## Record extracts
==============================

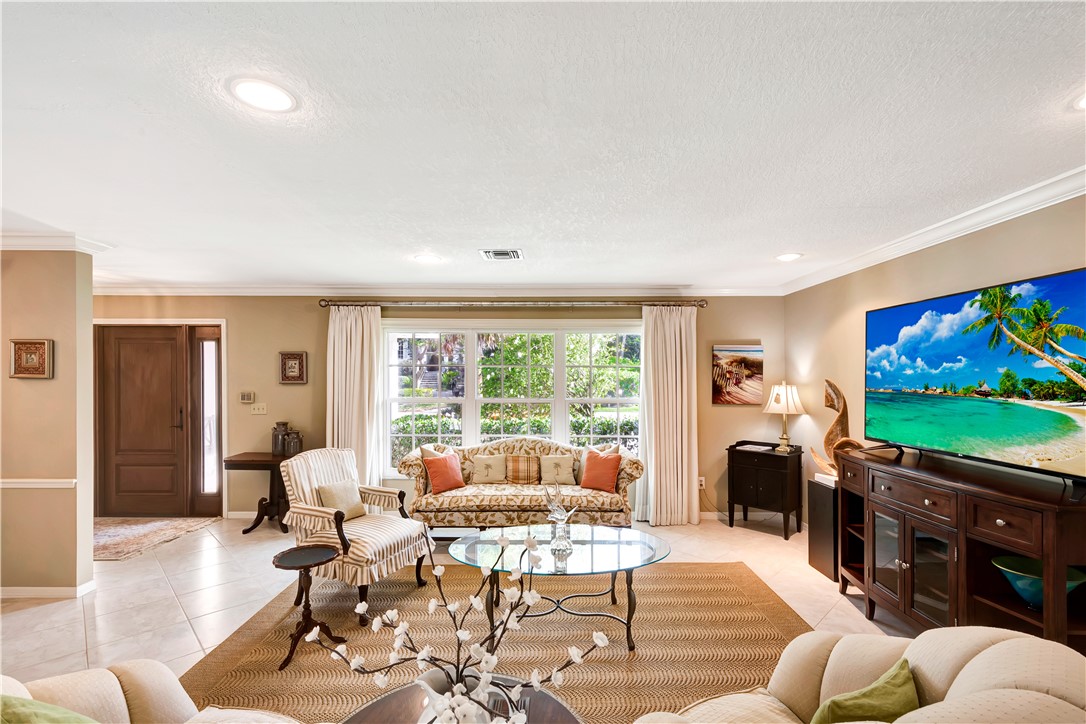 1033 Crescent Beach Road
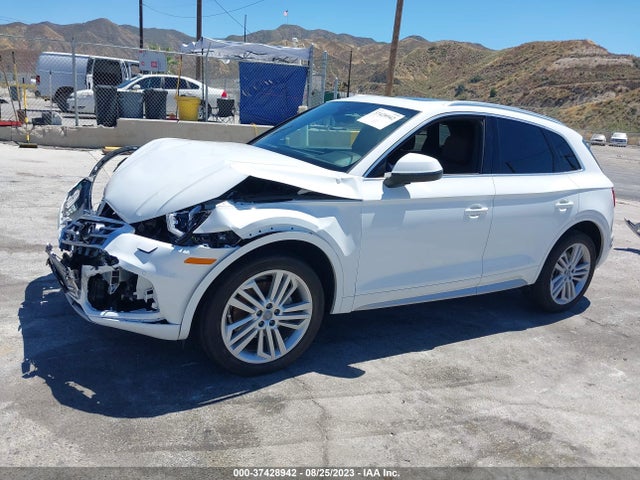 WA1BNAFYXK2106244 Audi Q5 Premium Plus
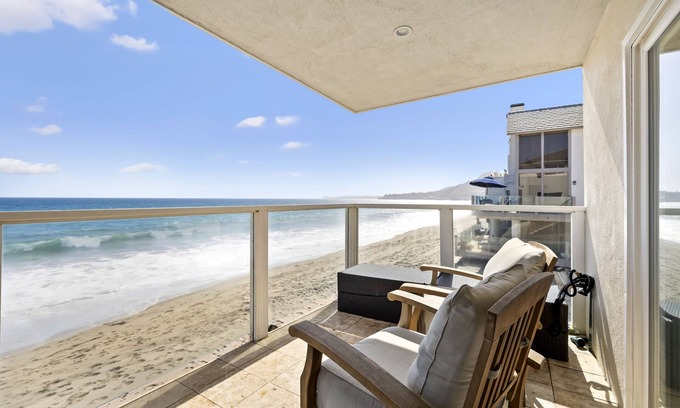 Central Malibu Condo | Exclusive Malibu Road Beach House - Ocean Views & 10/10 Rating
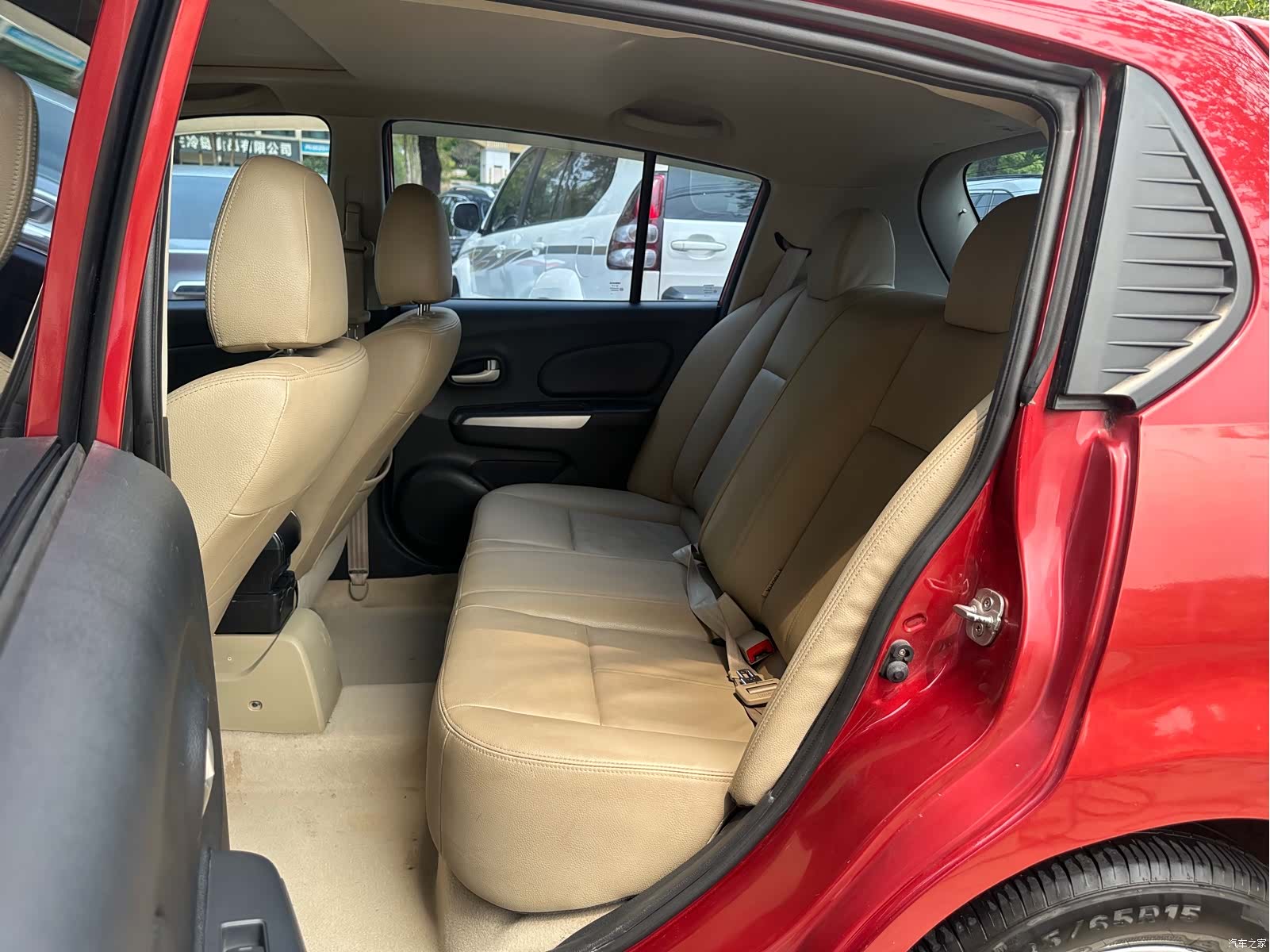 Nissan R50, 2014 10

==============================

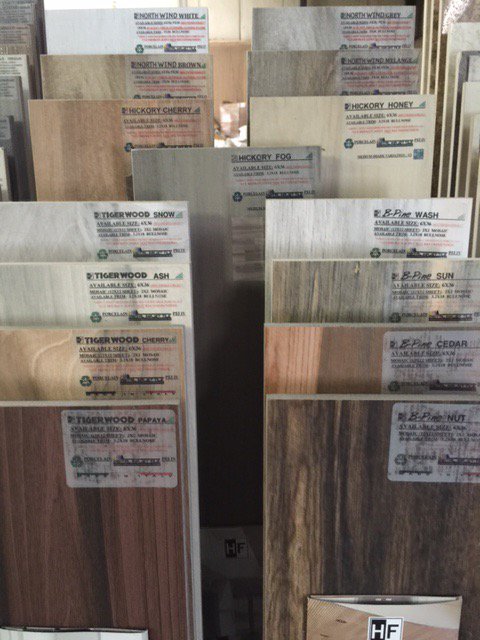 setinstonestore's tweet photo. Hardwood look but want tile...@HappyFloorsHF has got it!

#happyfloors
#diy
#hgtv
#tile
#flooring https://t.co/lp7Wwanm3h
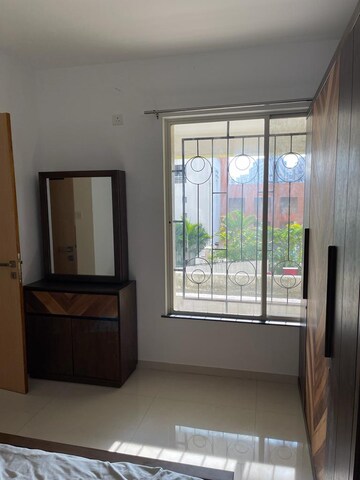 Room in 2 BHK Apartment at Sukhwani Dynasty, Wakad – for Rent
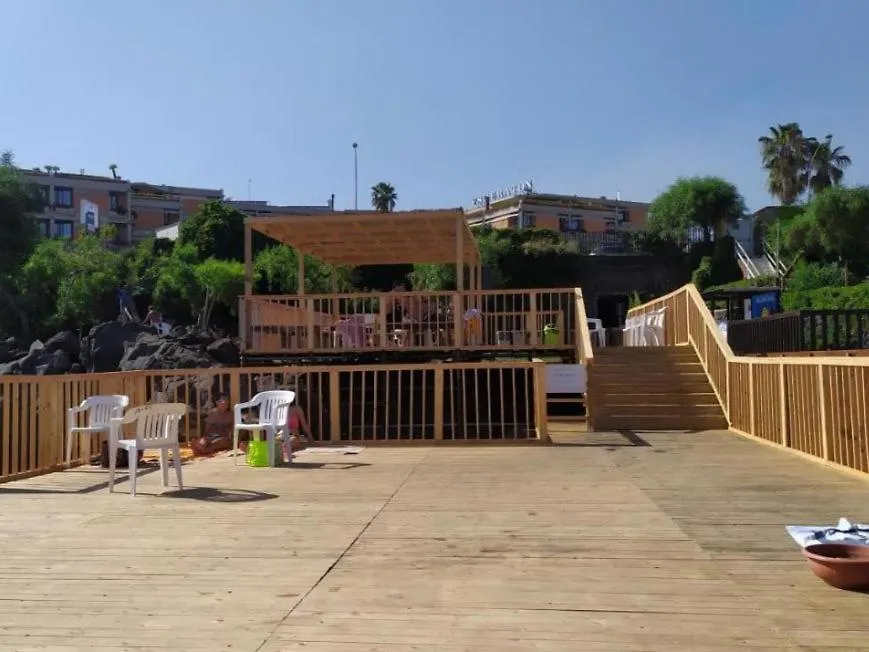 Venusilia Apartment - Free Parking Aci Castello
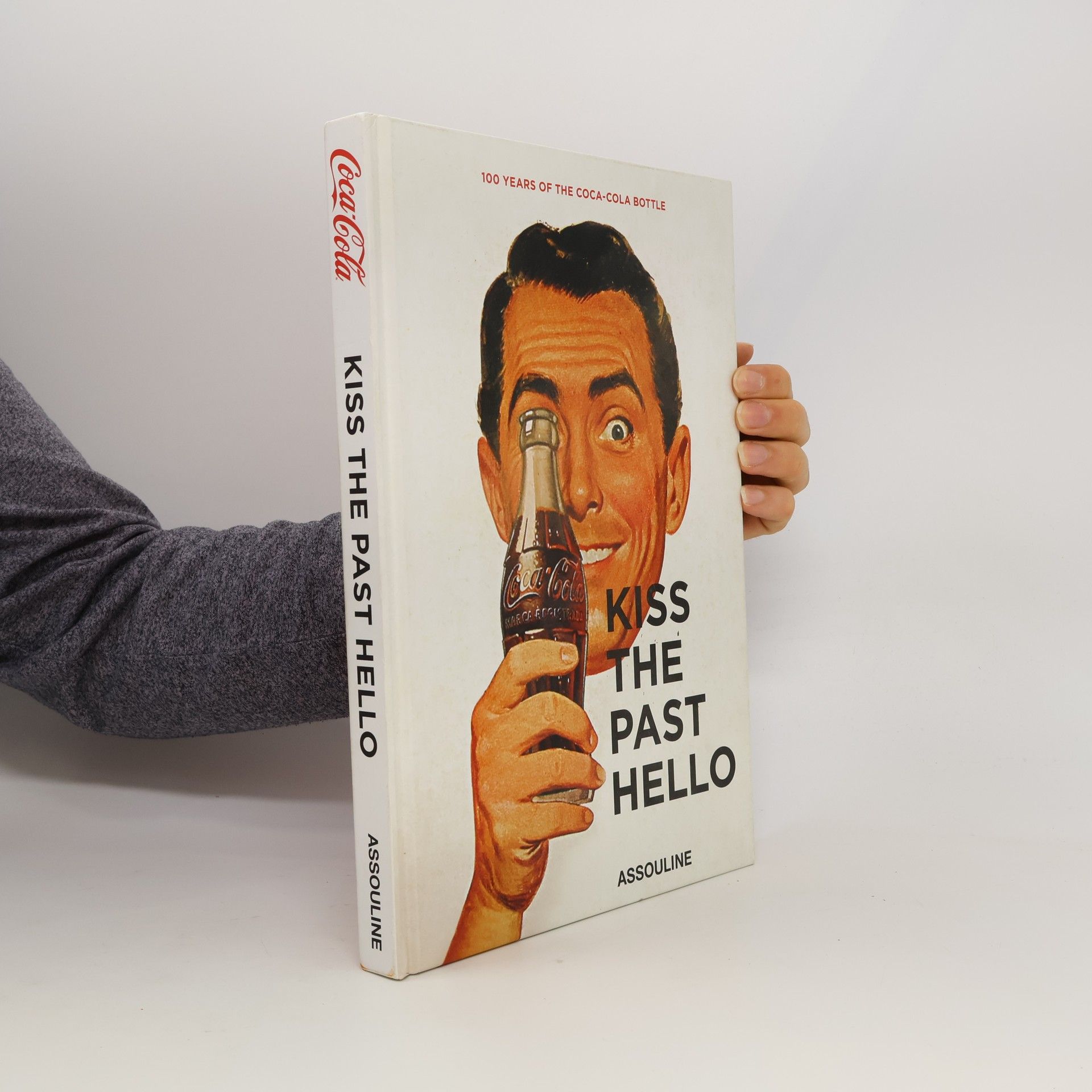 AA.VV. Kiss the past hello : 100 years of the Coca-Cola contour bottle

==============================

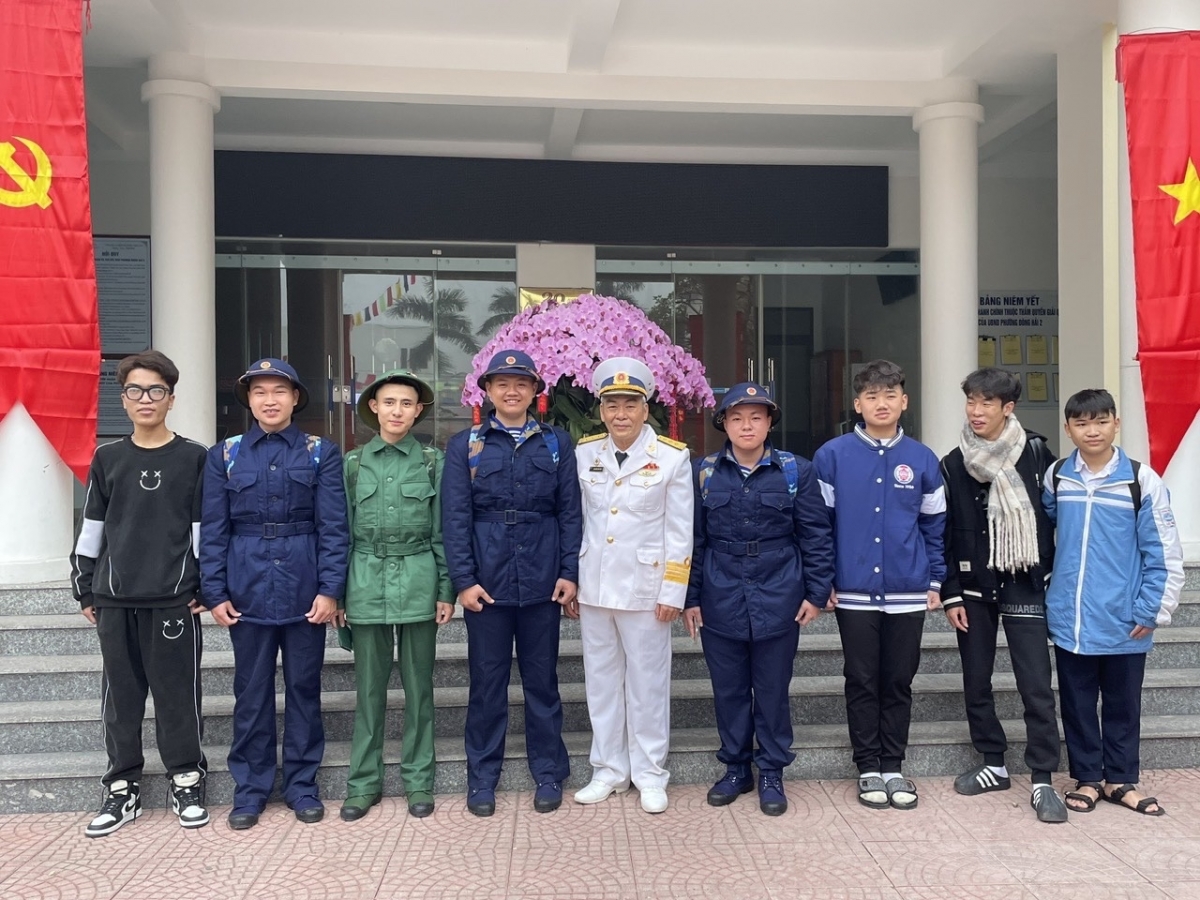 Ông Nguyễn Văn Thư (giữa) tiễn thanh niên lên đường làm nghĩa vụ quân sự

==============================

## Task to carry out
I would like the exact lines from the data above, starting with the one that holds "Venusilia Apartment - Free" and going on through the one that holds "AA.VV. Kiss the", without the pictures.

## Reply
 Venusilia Apartment - Free Parking Aci Castello
 AA.VV. Kiss the past hello : 100 years of the Coca-Cola contour bottle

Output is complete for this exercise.